In der Industriestadt im Norden von Paris regiert seit 1965 der kommunistische Bürgermeister Dominique Frelaut. »Er verschaffte uns einen Platz in einem Block neuer Sozialwohnungen, die ohnehin für Flüchtlinge vorgesehen waren«, beschreibt Carrasco. Für Marcela und alle anderen im Exil Geborenen ist es das erste Zuhause, eine Art Kommune über mehrere Stockwerke. »Im Gegensatz zu unseren Eltern empfanden wir hier nie jene Entwurzelung«, erzählt Ismael Oddó im Rückblick auf seine Kindheit. »Es waren sehr glückliche Tage.« In den Nächten gibt es oft Hauskonzerte, sein Vater, Willy Oddó, singt und spielt dann am liebsten Tangos und Zambas. Wenn es den Kindern zu viel wird, verziehen sie sich vor den Fernseher, toben durchs Treppenhaus oder spielen in einer leeren Wohnung. »Die arme Marcela«, lacht Ismael, »als Kleinste durfte sie nicht immer mitmachen, aber gesehen hat sie sicher einiges.«

Marcela bekommt tatsächlich mehr mit, als die Großen glauben. Sie erinnert sich, wie ihr Vater weinte, »wenn er seine Eltern in Chile vermisste«, an die Tränen einer Mitschülerin aus Nordafrika, die in der Schule gemobbt wurde. Auch Marcela wird oft für »eine kleine Araberin« gehalten. »Wie rassistisch Frankreich tickt, war schnell klar.« Nur zu Chile fällt den Bullies in der Schule wenig ein: »Sie wussten schlicht zu wenig, hatten noch nie von Südamerika gehört. Wir dagegen bedachten sie ungestraft mit Schimpfwörtern.«

Bis heute teilen Marcela, Ismael und die anderen Kinder der Quilapayúns nostalgisch-witzige Anekdoten in einer Messenger-Gruppe. Andere Geschichten werden eher vorsichtig hervorgeholt, bei persönlichen Treffen. Oft beginnen diese Erzählungen mit Fragen, bei denen ihre Eltern damals um Antworten rangen: »Warum sprechen alle hier weiter Spanisch, wenn wir doch in Frankreich leben?«, will die kleine Marcela einmal wissen. »Und warum hört ihr nie Platten von Víctor Jara, wo ihr doch ein Foto von ihm aufbewahrt?«, wirft Ismael als Jugendlicher beim gemeinsamen Abendessen in die Runde. »Als ich das fragte, sackte mein Vater am Küchentisch zusammen. Dann erzählte er mir, wie wichtig Víctor für den ›Stamm der Quilapayún‹ gewesen sei, als Mentor, für die ersten Schritte auf der Bühne, wie er ermordet wurde, warum sie für ihn und die Menschenrechte sangen, in Spanisch, der Sprache der Liebe, der Sprache der Überlebenden.«

Es ist auch diese Verpflichtung, die Quilapayún Ende der 80er Jahre zurück nach Chile treibt. 1988 stimmt Chile über eine Rückkehr zur parlamentarischen Demokratie ab. Auf der letzten großen Demonstration gegen die Machthabenden intonieren Carrasco und seine Mitstreiter erstmals wieder »El Pueblo Unido«, jenes hoffnungsvolle Lied, das 1970 die Wahl Allendes begleitete. Und tatsächlich: Die von den Militärs als demokratisches Feigenblatt geplante Volksabstimmung besiegelt mit einer einfachen Mehrheit ihr Ende.

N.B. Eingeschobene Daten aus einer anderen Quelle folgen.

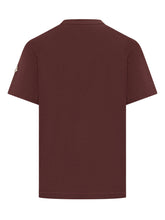 - | LIDIASHOPPING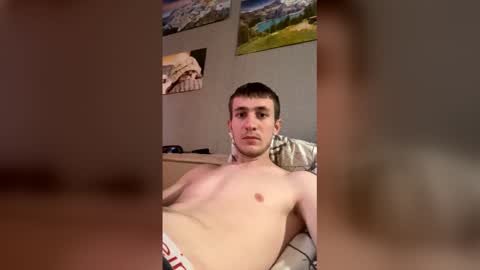 gerych01 online show from 05.03.26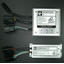 Electronic Control Fuel Injection System "FI"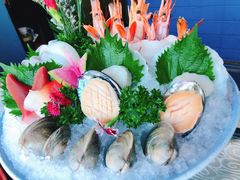 -红门金汤·港式火锅(英皇集团中心店)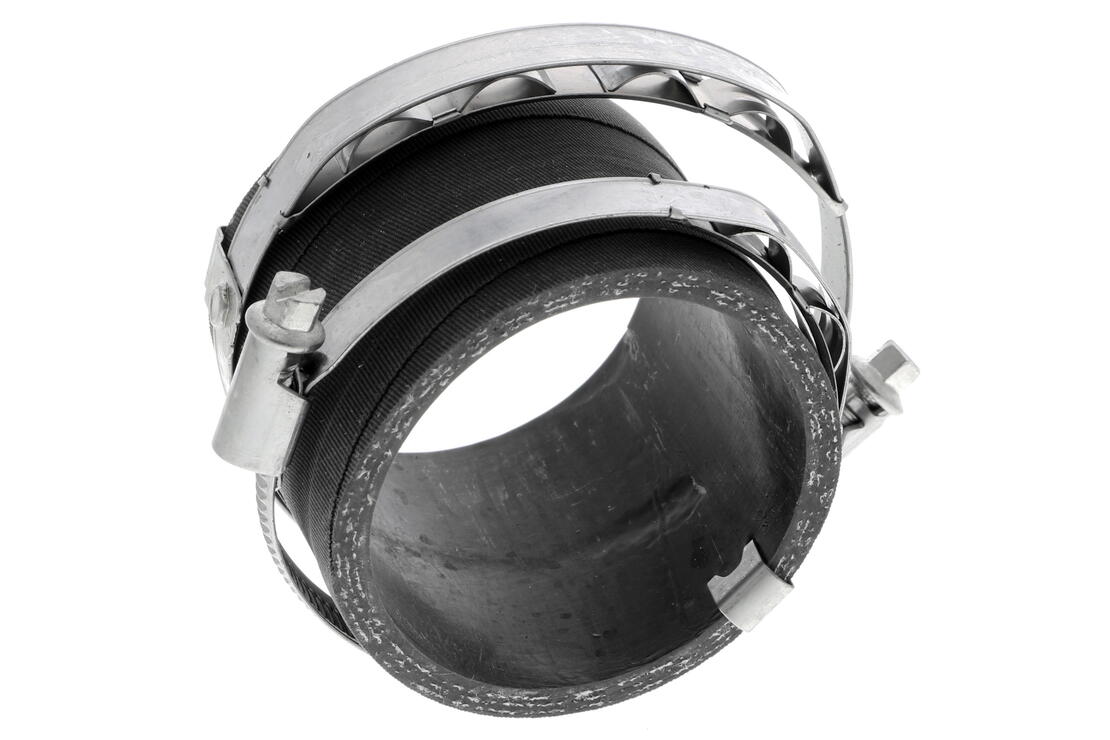 VAICO V251039 Charge Air Hose | ML Performance Car Parts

»Anfang 1989 unternahmen wir dann eine Tournee von Nord nach Süd, durch das ganze Land«, erinnert sich Carrasco. »Nur, ohne es zu merken, hatten wir uns vom chilenischen Publikum entfernt. Wir wollten neue Stücke spielen, sie nur alte Lieder hören.« Ein anderes Problem war, dass längst nicht alle Bandmitglieder zurück wollten. Das lag nur bedingt an den französischen Partnerinnen einiger Musiker, meint Ismael. »Auch meine Mutter warnte meinen Vater vor zu vielen Illusionen: ›Willy, vieles wird den Putsch nicht überlebt haben.‹« Dennoch kehrt bis 1992 die Hälfte der Band nach Chile zurück, doch musikalisch verschwindet sie von der Bildfläche.

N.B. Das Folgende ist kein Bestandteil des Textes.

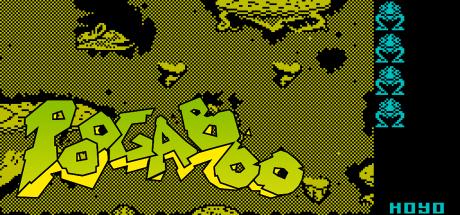 Poogaboo — steamgrid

»Die Enttäuschung nach der Rückkehr war absolut. Es gab keine Gerechtigkeit, keine Transparenz. Das bekam sogar ich mit 16 Jahren mit«, sagt Ismael. Als in Frankreich aufgewachsene Kinder von Exilanten können Marcela und er kostenfrei die Privatschule Alliance française in Santiago besuchen. »Die Schuluniformen waren genauso ätzend wie die meisten Mitschüler. Es war ein echter Kulturschock«, sagt Marcela. Nur langsam findet sie Anschluss, bei Ismael ist es ähnlich. Freundschaften entstehen vor allem mit denen, die auch im Exil geboren wurden. »Wir redeten über alles, was uns in Chile auffiel: politische Gefangene, unkritische Medien, Klassenunterschiede, Gerüche, schlechte Musik«, versucht sich Ismael in einer Rückblende. »Gemeinsam entdeckten wir auch Breakdance und Rap-Musik. Public Enemy, IAM, McSolar. Das waren unsere kulturellen Fluchtpunkte. Sich zu dieser Musik zu bewegen, war befreiend.«

Auch die Elterngeneration ist auf der Suche: nach Arbeit, Perspektiven und einem sozialen Miteinander. »Meine Mutter gründete schließlich ein Beratungszentrum für häusliche Gewalt. Später machte sie erfolgreich Lokalpolitik.« Carrasco findet eine Stelle an der Universität, Ricardo als Geologe, Willy bei der Stadtverwaltung. »Aber ihr Herz hing weiter an den Quilas«, sind sich die Kinder einig. Statt auf die Bühne zurückzukehren, werden die 1990er Jahre zu einer harten Probe. Willy Oddó wird 1991 ermordet, Opfer des unberechenbaren Nachtlebens Santiagos. Derweil veröffentlichen ehemalige Bandmitglieder in Frankreich neue Alben und geben Konzerte, es folgt ein langer Rechtsstreit, der irgendwann kaum noch jemanden interessiert.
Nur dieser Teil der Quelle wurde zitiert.